TASK DETAILS
The entries are to be repeated exactly, with all pictures omitted.

Captioned web image data
=====

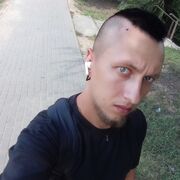 ���������� �������, ���� ������� ������, 27 ���, ������������ ��� ������, ����� � ���������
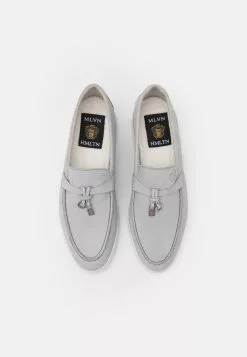 MELVIN & HAMILTON Adley 3 - Instappers - Tequila/Offwhite 11 MELVIN & HAMILTON Adley 3 - Instappers - Tequila/Offwhite -Melvin & Hamilton Verkoop a47a988014484d9894019b28d742eef7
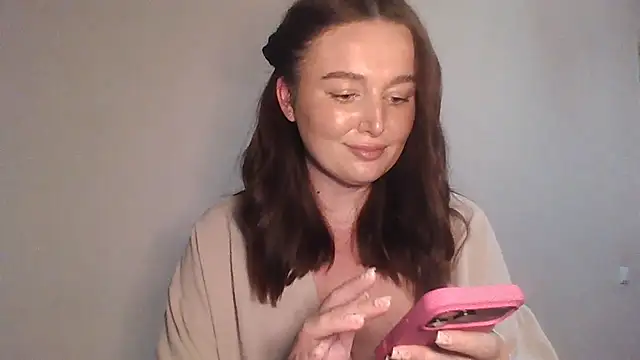 LilianaSwetx online show from 6, 7, 2026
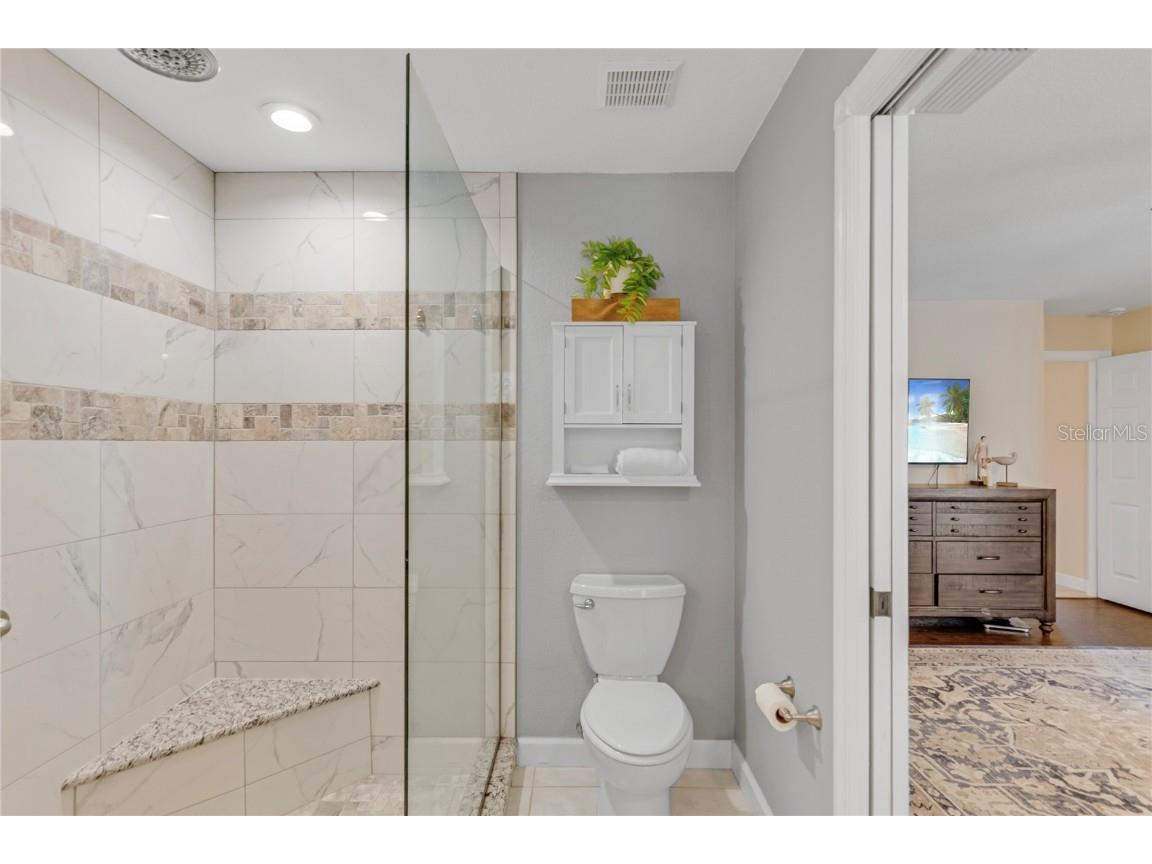 15160 Buswell Avenue Port Charlotte FL 33953 TB8416821 image26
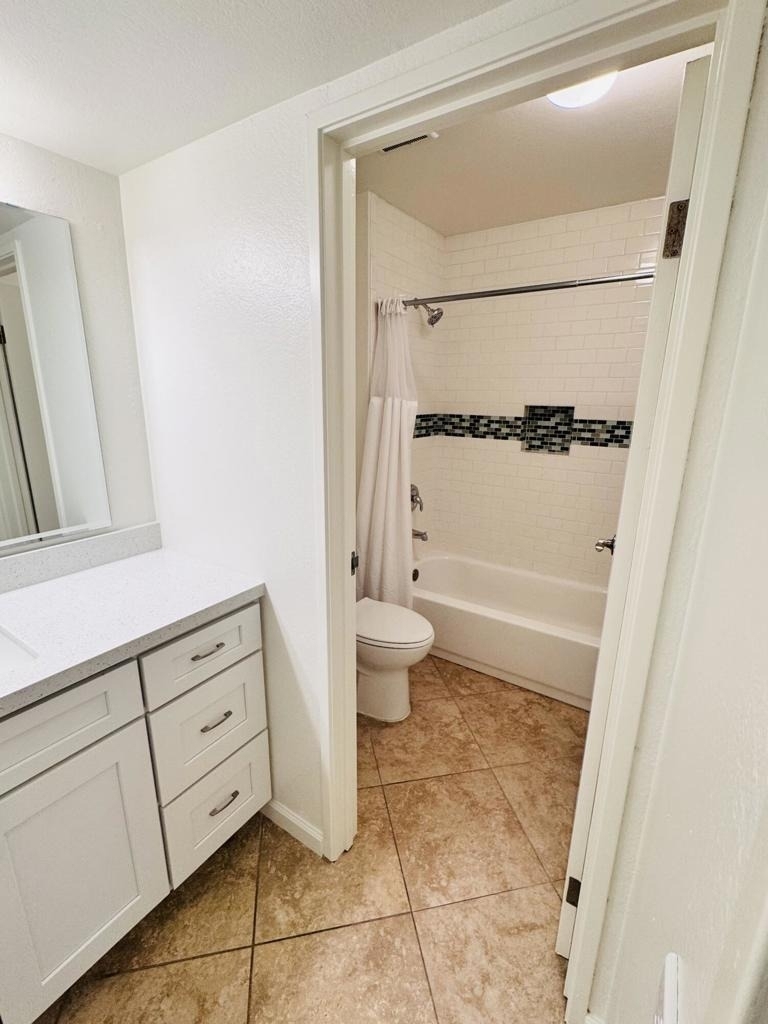 43376 Cook - Photo 11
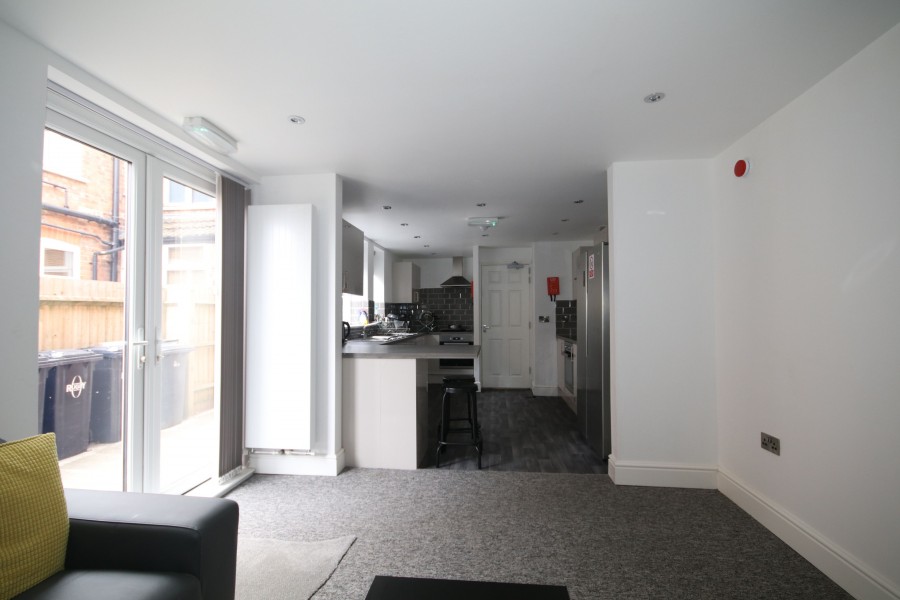 Images for 24 Regent Place, Rugby EAID: BID:lifeinvestments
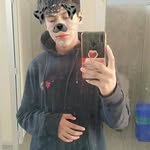 Jean Tapia - @jeantapia909 - Instagram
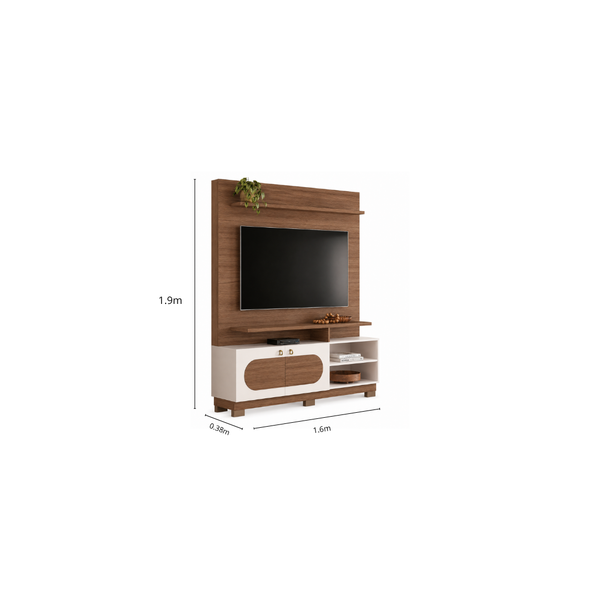 Home Theater Axis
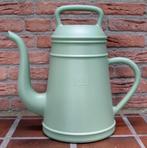 Design gieter van Lungo Xala koffiepot 12L, Ophalen of Verzenden, Nieuw, Kunststof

=====

RESULT OF THE TASK
 ���������� �������, ���� ������� ������, 27 ���, ������������ ��� ������, ����� � ���������
 MELVIN & HAMILTON Adley 3 - Instappers - Tequila/Offwhite 11 MELVIN & HAMILTON Adley 3 - Instappers - Tequila/Offwhite -Melvin & Hamilton Verkoop a47a988014484d9894019b28d742eef7
 LilianaSwetx online show from 6, 7, 2026
 15160 Buswell Avenue Port Charlotte FL 33953 TB8416821 image26
 43376 Cook - Photo 11
 Images for 24 Regent Place, Rugby EAID: BID:lifeinvestments
 Jean Tapia - @jeantapia909 - Instagram
 Home Theater Axis
 Design gieter van Lungo Xala koffiepot 12L, Ophalen of Verzenden, Nieuw, Kunststof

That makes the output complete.